Alwasil also pointed to Yemen, where he said capacity building is especially urgent to counter groups including the Houthis and al-Qaida, which have sought access to drones and other modern technologies.
The Saudi call came as Tech Against Terrorism released a new report, the Counter-Terrorism AI Benchmark, during UN Counter-Terrorism Week in New York. The report describes itself as the first systematic benchmark built specifically to test how artificial intelligence models respond when asked to assist terrorism and violent extremism.
The study tested 27 AI models, produced 2,339 graded outputs and covered 26 use cases across 13 threat pillars in four domains. The redacted version of the report replaced compound names and procedural details with general descriptions, while keeping the analytical pattern visible. Tech Against Terrorism said the research was self-funded, that it received no funding from any AI provider referenced in the report and that it had no conflicts of interest.
Across the models tested, around a third of responses provided “meaningful uplift” beyond what could easily be found through a normal web search. Full refusals accounted for 57% of responses, while 15% were classified as “hedged compliance,” meaning that the model opened with a refusal but still supplied content. The most serious failures came from open models whose safety training had been stripped out through a process known as abliteration. Two such models complied with 89% and 100% of requests.
Adam Hadley, executive director of Tech Against Terrorism, told The Media Line that the lack of a terrorism-specific AI benchmark was the reason the organization built one. He said many models tested with simple, single-shot questions provided meaningful assistance toward bomb-making or mass-casualty attack planning, calling the result “not acceptable.”
Hadley framed the issue not only as a failure of safety filters but as a deeper control problem for AI developers.
This is a control problem as much as a safety one
“This is a control problem as much as a safety one,” he said, warning that AI developers risk creating models they cannot control.
According to Tech Against Terrorism, the answer is not a ban on open models, but stronger intervention at the distribution and evaluation layers before harm occurs.
One of the report’s most concerning findings was that model guardrails could be weakened simply by changing the stated purpose of a request.
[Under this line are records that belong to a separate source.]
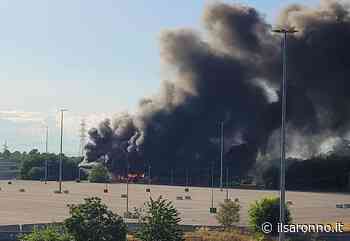 Alta colonna di fumo nero su Caronno e Saronno: ecco cosa è successo - ilSaronno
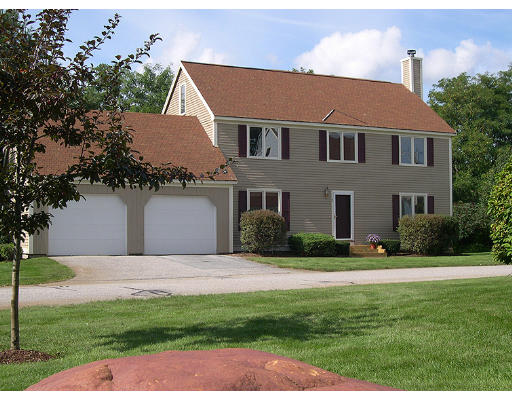 2 Rye Place, Unit 2 RYE Nashua, NH 03063 - Photo 1 of 1 Gallery Image 1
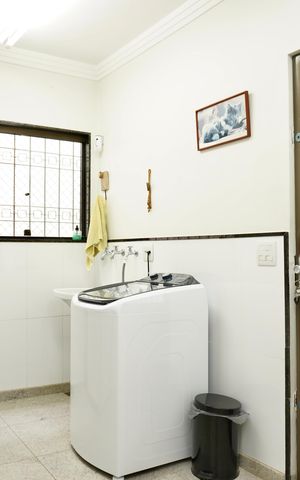 Casa à venda com 330m², 5 quartos e 4 vagas Casa à venda com 330m², 5 quartos e 4 vagasÁrea de Serviço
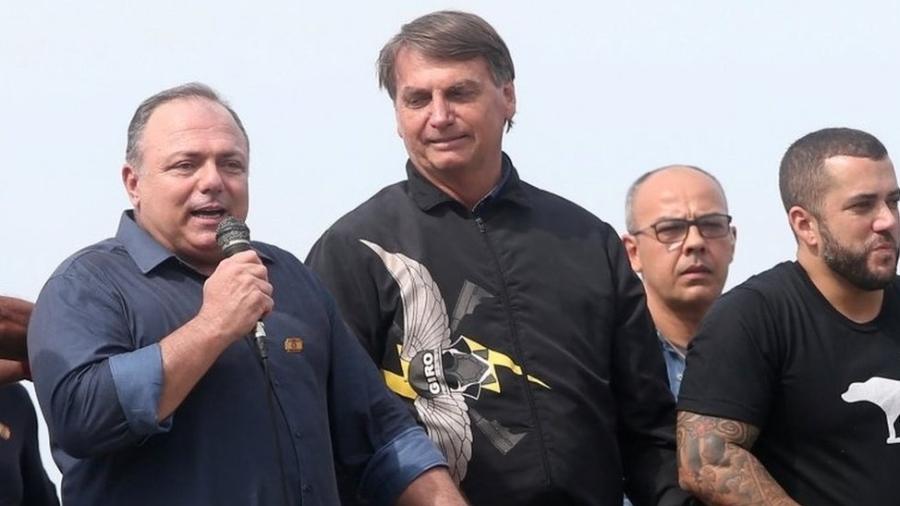 Pazuello no ato de apoio a Bolsonaro: Exército passou pano para o general e o presidente - Reuters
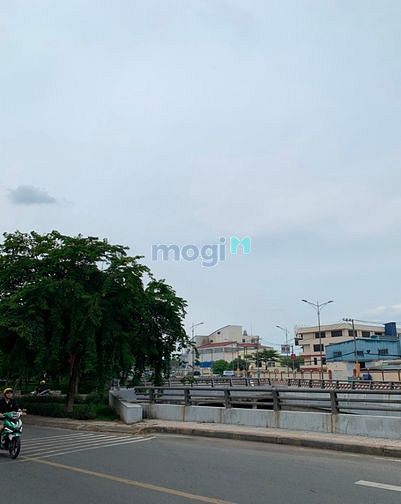 Hình ảnh Đất Bình Tân 180m2 (9x20m), giá chốt 5 tỷ 760 triệu, sổ hồng riêng, fu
Reframing an identical technical question as “research” without changing the technical content raised compliance from 17% to 42%. The report argues that this suggests some models are responding to surface-level framing rather than assessing the operational risk of the request itself.
Hadley said the results should be viewed as a lower bound rather than a full picture of the danger.
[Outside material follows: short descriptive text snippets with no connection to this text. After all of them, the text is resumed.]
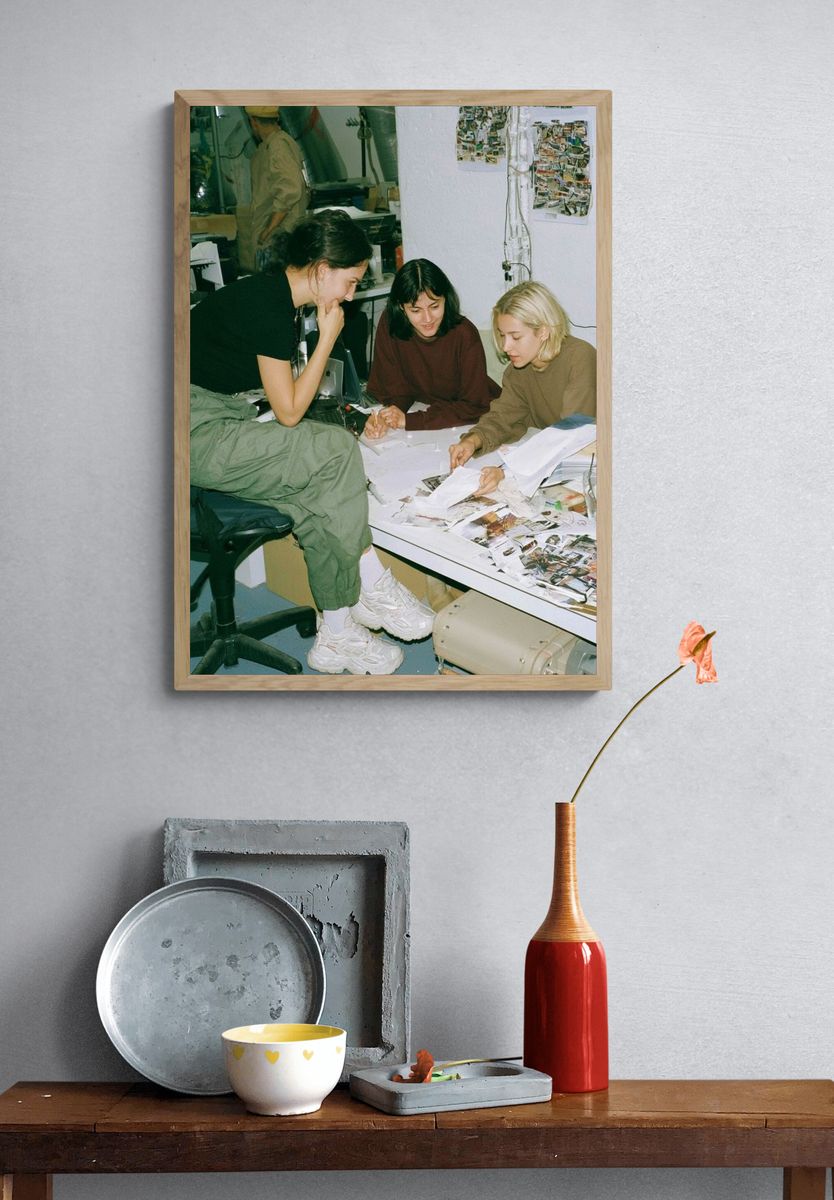 Creative Studio Collaboration Photography Poster. — room view 3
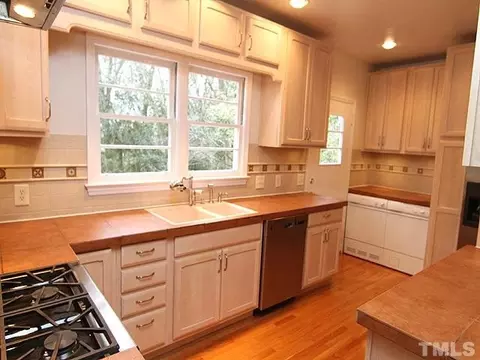 1205 Watts St, Durham, NC 27701 photo 2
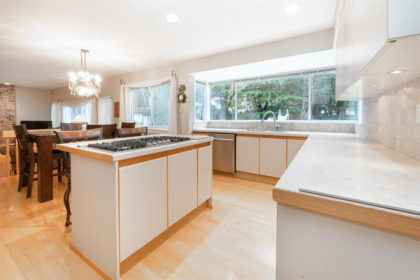 Kitchen Photo of 17352 26a Avenue, White Rock, BC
These are single-shot results
“These are single-shot results,” he said, noting that the research did not include attempts to evade safeguards or persist after refusal, and therefore represented a floor rather than a ceiling on the risk.
The benchmark did not test multi-turn conversations, adversarial prompting, non-English languages, or repeated attempts to bypass refusal mechanisms. Its findings measure the lowest-effort form of misuse: one direct request. The report describes this first release as a deliberately bounded pilot, designed to establish a comparable and repeatable baseline before future phases expand into more languages, multi-turn interactions, and complex adversarial testing.
Hadley also warned in the report’s foreword that the problem should not be seen as isolated to one company or one model. “The fragility of alignment” exposed by the findings, he said, is “a shared, transnational one.”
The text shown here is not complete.